7 Then he ran to the herd and selected a choice, tender calf and gave it to a servant, who hurried to prepare it. 8 He then brought some curds and milk and the calf that had been prepared, and set these before them. While they ate, he stood near them under a tree.

9 "Where is your wife Sarah?" they asked him.
"There, in the tent," he said.

10 Then the LORD [c] said, "I will surely return to you about this time next year, and Sarah your wife will have a son."
Now Sarah was listening at the entrance to the tent, which was behind him. 11 Abraham and Sarah were already old and well advanced in years, and Sarah was past the age of childbearing. 12 So Sarah laughed to herself as she thought, "After I am worn out and my master is old, will I now have this pleasure?"

13 Then the LORD said to Abraham, "Why did Sarah laugh and say, 'Will I really have a child, now that I am old?' 14 Is anything too hard for the LORD ? I will return to you at the appointed time next year and Sarah will have a son."

15 Sarah was afraid, so she lied and said, "I did not laugh."
But he said, "Yes, you did laugh."

Judges 13

1 Again the Israelites did evil in the eyes of the LORD, so the LORD delivered them into the hands of the Philistines for forty years.
2 A certain man of Zorah, named Manoah, from the clan of the Danites, had a wife who was sterile and remained childless. 3 The angel of the LORD appeared to her and said, "You are sterile and childless, but you are going to conceive and have a son. 4 Now see to it that you drink no wine or other fermented drink and that you do not eat anything unclean, 5 because you will conceive and give birth to a son. No razor may be used on his head, because the boy is to be a Nazirite, set apart to God from birth, and he will begin the deliverance of Israel from the hands of the Philistines."

6 Then the woman went to her husband and told him, "A man of God came to me. He looked like an angel of God, very awesome. I didn't ask him where he came from, and he didn't tell me his name. 7 But he said to me, 'You will conceive and give birth to a son. Now then, drink no wine or other fermented drink and do not eat anything unclean, because the boy will be a Nazirite of God from birth until the day of his death.' "

8 Then Manoah prayed to the LORD : "O LORD, I beg you, let the man of God you sent to us come again to teach us how to bring up the boy who is to be born."

9 God heard Manoah, and the angel of God came again to the woman while she was out in the field; but her husband Manoah was not with her. 10 The woman hurried to tell her husband, "He's here! The man who appeared to me the other day!"

11 Manoah got up and followed his wife. When he came to the man, he said, "Are you the one who talked to my wife?"
"I am," he said.

12 So Manoah asked him, "When your words are fulfilled, what is to be the rule for the boy's life and work?"

13 The angel of the LORD answered, "Your wife must do all that I have told her. 14 She must not eat anything that comes from the grapevine, nor drink any wine or other fermented drink nor eat anything unclean.
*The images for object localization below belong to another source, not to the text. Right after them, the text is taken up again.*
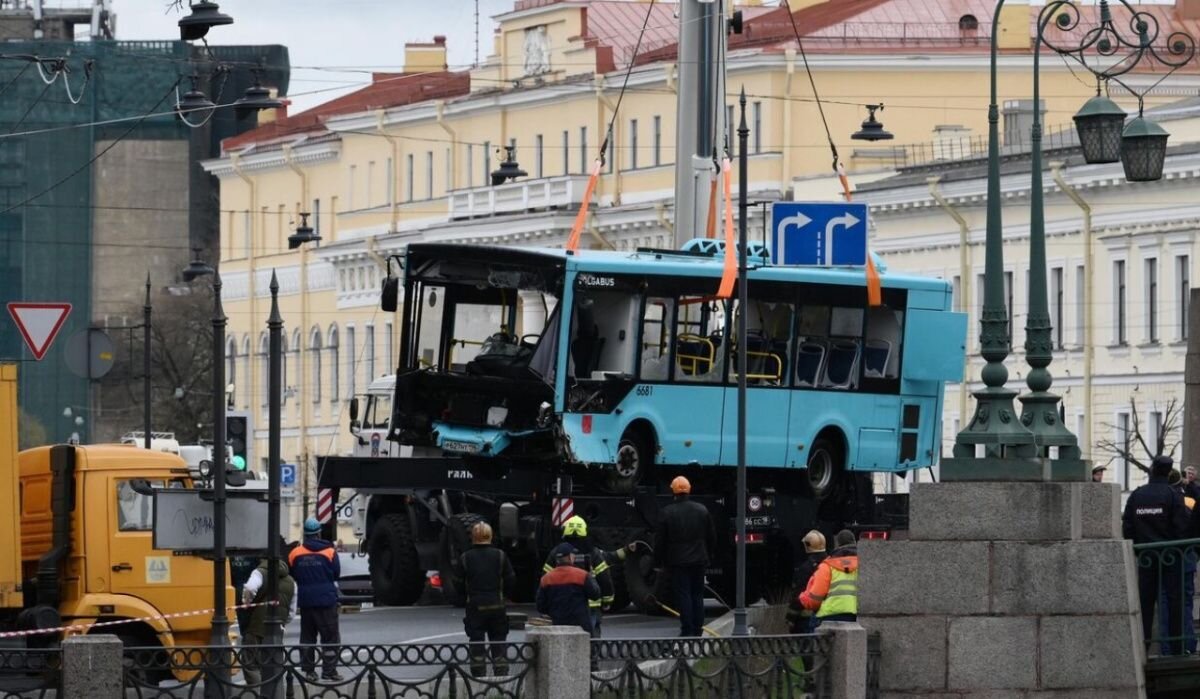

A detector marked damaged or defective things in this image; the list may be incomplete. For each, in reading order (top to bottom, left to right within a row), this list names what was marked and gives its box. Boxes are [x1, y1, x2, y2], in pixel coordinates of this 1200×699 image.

blue damaged bus [324, 237, 969, 610] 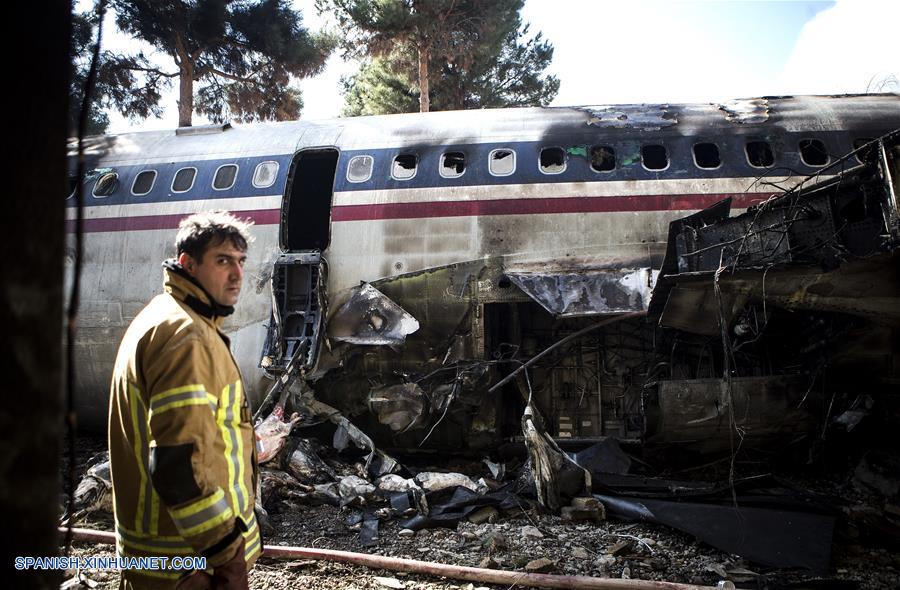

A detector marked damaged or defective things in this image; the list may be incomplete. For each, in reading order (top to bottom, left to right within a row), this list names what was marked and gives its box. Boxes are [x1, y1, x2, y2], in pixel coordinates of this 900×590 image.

broken metal sheet [576, 106, 676, 130]
charred metal panel [712, 99, 768, 124]
broken metal sheet [720, 99, 768, 124]
charred metal panel [326, 284, 418, 346]
broken metal sheet [328, 284, 420, 346]
charred metal panel [506, 268, 652, 316]
broken metal sheet [506, 270, 652, 320]
broken metal sheet [370, 384, 432, 434]
charred metal panel [648, 380, 816, 454]
broken metal sheet [596, 494, 832, 572] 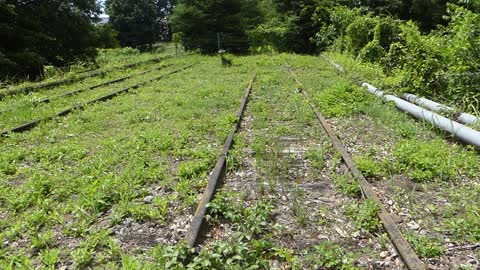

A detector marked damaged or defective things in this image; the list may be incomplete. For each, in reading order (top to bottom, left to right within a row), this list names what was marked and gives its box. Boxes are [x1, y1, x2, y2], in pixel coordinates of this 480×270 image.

rusty steel rail [0, 54, 175, 99]
rusty steel rail [2, 64, 193, 137]
rusty steel rail [186, 73, 256, 248]
rusty steel rail [286, 68, 426, 270] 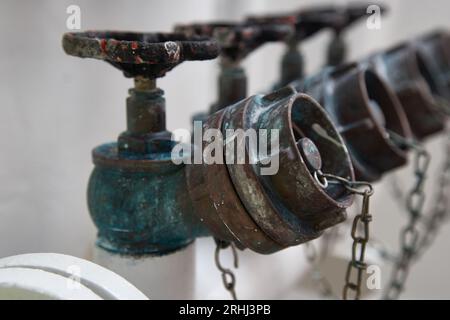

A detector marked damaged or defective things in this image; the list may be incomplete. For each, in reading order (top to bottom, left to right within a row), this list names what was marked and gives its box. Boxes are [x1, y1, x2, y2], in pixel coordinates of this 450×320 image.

corroded metal surface [185, 88, 354, 252]
corroded metal surface [292, 63, 412, 181]
corroded metal surface [366, 43, 446, 139]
She must do everything I have commanded her."

15 Manoah said to the angel of the LORD, "We would like you to stay until we prepare a young goat for you."
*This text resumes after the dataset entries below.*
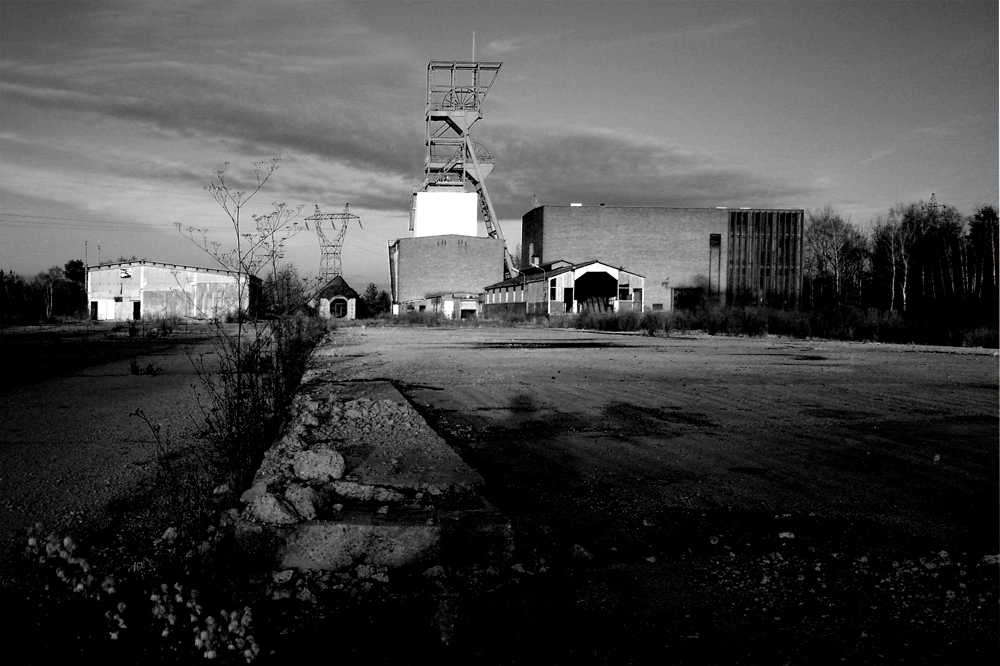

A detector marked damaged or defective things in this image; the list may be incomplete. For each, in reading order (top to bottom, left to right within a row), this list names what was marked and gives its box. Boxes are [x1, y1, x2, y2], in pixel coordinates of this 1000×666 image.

rusted metal structure [308, 202, 368, 280]
rusted metal structure [408, 60, 520, 278] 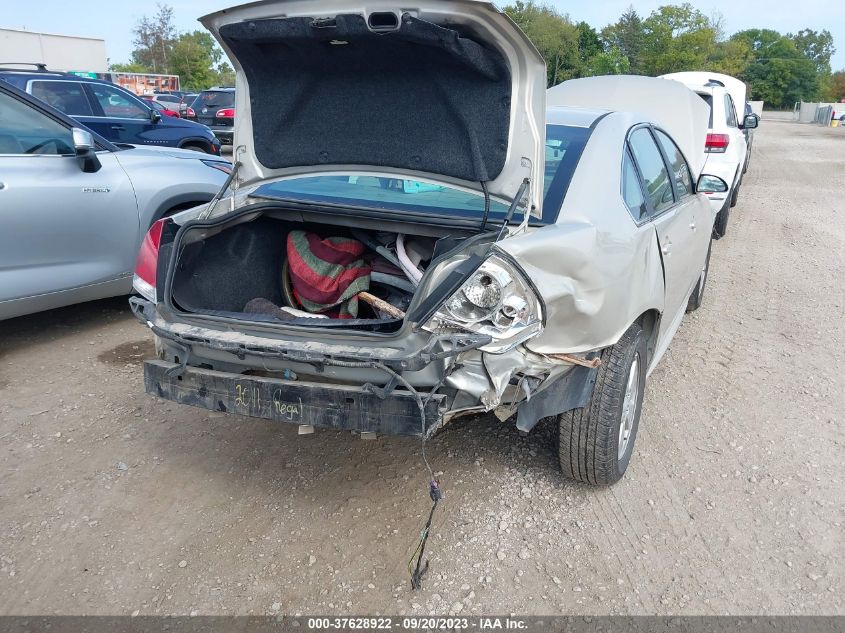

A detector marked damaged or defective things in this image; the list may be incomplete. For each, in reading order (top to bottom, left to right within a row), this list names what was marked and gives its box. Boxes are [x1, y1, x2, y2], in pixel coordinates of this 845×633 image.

broken taillight [704, 133, 728, 153]
broken taillight [132, 218, 170, 302]
damaged gold sedan [132, 1, 724, 484]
16 The angel of the LORD replied, "Even though you detain me, I will not eat any of your food. But if you prepare a burnt offering, offer it to the LORD." (Manoah did not realize that it was the angel of the LORD.)

17 Then Manoah inquired of the angel of the LORD, "What is your name, so that we may honor you when your word comes true?"

18 He replied, "Why do you ask my name? It is beyond understanding. " 19 Then Manoah took a young goat, together with the grain offering, and sacrificed it on a rock to the LORD. And the LORD did an amazing thing while Manoah and his wife watched: 20 As the flame blazed up from the altar toward heaven, the angel of the LORD ascended in the flame. Seeing this, Manoah and his wife fell with their faces to the ground. 21 When the angel of the LORD did not show himself again to Manoah and his wife, Manoah realized that it was the angel of the LORD.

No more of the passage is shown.